Start of INFORMATION SHOWN
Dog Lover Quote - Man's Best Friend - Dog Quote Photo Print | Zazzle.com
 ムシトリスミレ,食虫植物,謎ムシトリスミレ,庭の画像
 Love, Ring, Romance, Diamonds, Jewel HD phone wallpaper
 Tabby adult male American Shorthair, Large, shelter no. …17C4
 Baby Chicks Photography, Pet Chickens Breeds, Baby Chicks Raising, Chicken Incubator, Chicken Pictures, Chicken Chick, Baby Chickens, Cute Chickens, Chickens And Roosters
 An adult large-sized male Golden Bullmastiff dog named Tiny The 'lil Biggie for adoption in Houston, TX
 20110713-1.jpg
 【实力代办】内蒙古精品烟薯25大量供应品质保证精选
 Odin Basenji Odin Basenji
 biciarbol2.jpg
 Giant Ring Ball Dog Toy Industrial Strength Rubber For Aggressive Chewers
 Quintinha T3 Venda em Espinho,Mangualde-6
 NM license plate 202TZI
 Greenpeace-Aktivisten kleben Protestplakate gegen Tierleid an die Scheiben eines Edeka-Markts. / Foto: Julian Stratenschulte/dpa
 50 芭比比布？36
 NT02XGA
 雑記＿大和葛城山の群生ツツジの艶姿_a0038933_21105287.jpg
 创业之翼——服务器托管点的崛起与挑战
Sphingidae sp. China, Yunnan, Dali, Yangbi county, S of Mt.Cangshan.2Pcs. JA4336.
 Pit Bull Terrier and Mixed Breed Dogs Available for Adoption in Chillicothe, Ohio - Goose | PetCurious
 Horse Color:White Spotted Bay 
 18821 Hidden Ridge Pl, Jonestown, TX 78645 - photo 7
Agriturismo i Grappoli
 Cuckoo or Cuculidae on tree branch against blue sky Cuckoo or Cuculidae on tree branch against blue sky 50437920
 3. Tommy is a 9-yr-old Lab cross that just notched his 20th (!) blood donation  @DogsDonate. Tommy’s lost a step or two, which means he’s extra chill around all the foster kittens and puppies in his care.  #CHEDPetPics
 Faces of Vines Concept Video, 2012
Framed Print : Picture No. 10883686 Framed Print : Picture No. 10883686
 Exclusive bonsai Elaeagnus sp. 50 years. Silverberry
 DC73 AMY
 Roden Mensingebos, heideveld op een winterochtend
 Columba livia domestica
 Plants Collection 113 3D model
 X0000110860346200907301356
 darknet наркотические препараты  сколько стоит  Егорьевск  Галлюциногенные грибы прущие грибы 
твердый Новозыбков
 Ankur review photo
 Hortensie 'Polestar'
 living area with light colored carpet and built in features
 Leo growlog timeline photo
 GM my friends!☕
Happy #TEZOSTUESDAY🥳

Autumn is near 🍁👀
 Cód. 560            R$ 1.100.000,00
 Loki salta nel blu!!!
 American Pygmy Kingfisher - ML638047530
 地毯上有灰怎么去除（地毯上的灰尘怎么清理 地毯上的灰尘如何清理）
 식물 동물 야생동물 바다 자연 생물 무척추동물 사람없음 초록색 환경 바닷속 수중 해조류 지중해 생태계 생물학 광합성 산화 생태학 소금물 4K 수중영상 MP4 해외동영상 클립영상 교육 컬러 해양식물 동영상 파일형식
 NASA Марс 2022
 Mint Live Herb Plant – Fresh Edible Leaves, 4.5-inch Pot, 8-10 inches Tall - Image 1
End of INFORMATION SHOWN
= WORK REQUEST =
Filter the data for the string "male". Copy each matching line.

= YOUR SOLUTION =
 Tabby adult male American Shorthair, Large, shelter no. …17C4
 An adult large-sized male Golden Bullmastiff dog named Tiny The 'lil Biggie for adoption in Houston, TX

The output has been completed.